Under the Australian Privacy Act, you have the right to:

  • Access: Request a copy of the personal information we hold about you
  • Correction: Request correction of inaccurate or incomplete information
  • Deletion: Request deletion of your account and personal data
  • Complaint: Lodge a complaint with the Office of the Australian Information Commissioner (OAIC) if you are unsatisfied with how we handle your data

To exercise these rights, contact us at the email below. We will respond within 30 days.

11. Children's Privacy

DealPage is not intended for use by individuals under the age of 18. We do not knowingly collect personal information from children under 18. If we become aware that we have collected personal information from a child under 18, we will take steps to delete that information promptly. If you believe a child under 18 has provided us with personal information, please contact us at privacy@invyt.io.

12. Automated Decision-Making

DealPage does not use automated decision-making or profiling that produces legal effects or similarly significant effects on you. All material decisions regarding your account, access, or services are made by human operators.
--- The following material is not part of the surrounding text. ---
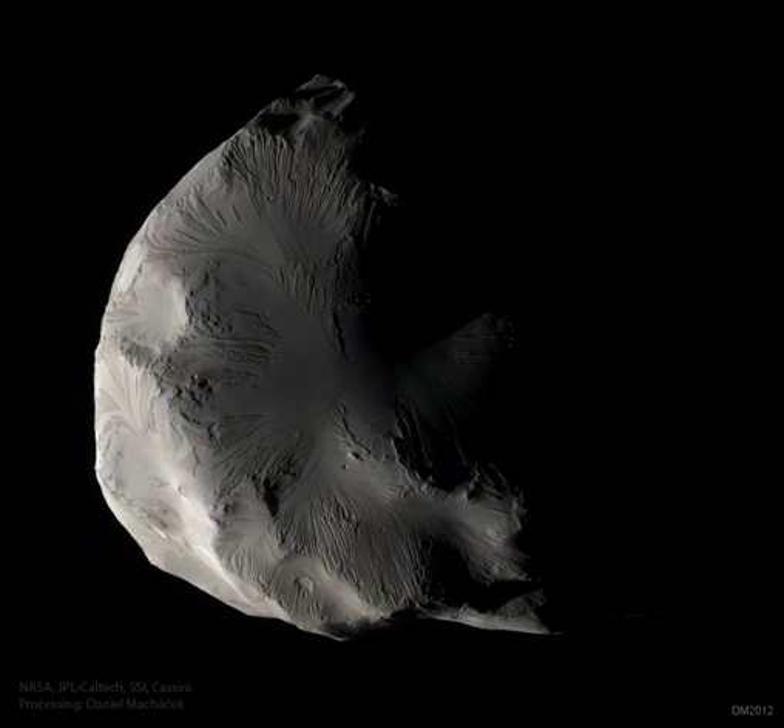Planetary astronomers are inspecting these detailed images of Helene to glean clues about the origin and evolution of the 30-kilometer-across floating iceberg.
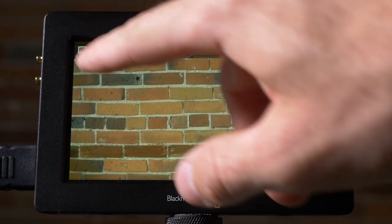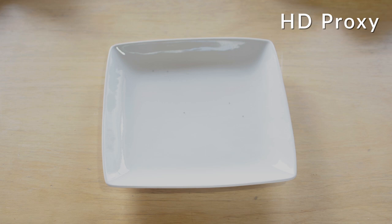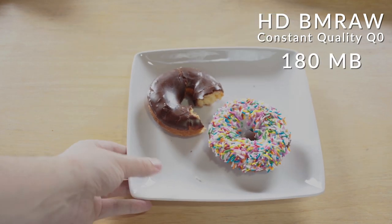Well, there's a wide range of video recording qualities. You can record on low, medium, or high quality depending on what the camera can do, and on top of that, you can record in different resolutions. For today's video though, we're going to stick to 1080p and 4K. Starting with 1080p — which on Blackmagic cameras is referred to as HD — first up we have HD Proxy at approximately 50 megs, or about half a donut. Now this is on the low end, so if we get up to HD BMRAW constant quality Q0, that jumps up to about 180 megs. Not too bad, and not too many donuts.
13. International Data Transfers

Some of our service providers (Stripe, Vercel, Resend, Sentry) may process data outside Australia, including in the United States. We ensure these transfers comply with the APPs by using providers with appropriate data protection commitments.

14. Third-Party Links

The Platform may contain links to third-party websites or services that are not operated by DealPage. We have no control over, and assume no responsibility for, the content, privacy policies, or practices of any third-party websites or services. We strongly advise you to review the privacy policy of every site you visit.

15. Changes to This Policy

We may update this policy from time to time. We will notify you of material changes via email or through the Platform. Continued use after changes constitutes acceptance of the updated policy.

16. Contact

For privacy-related questions or to exercise your rights, contact us at privacy@invyt.io.

For general support enquiries, contact us at support@invyt.io.

You may also contact the Office of the Australian Information Commissioner at www.oaic.gov.au.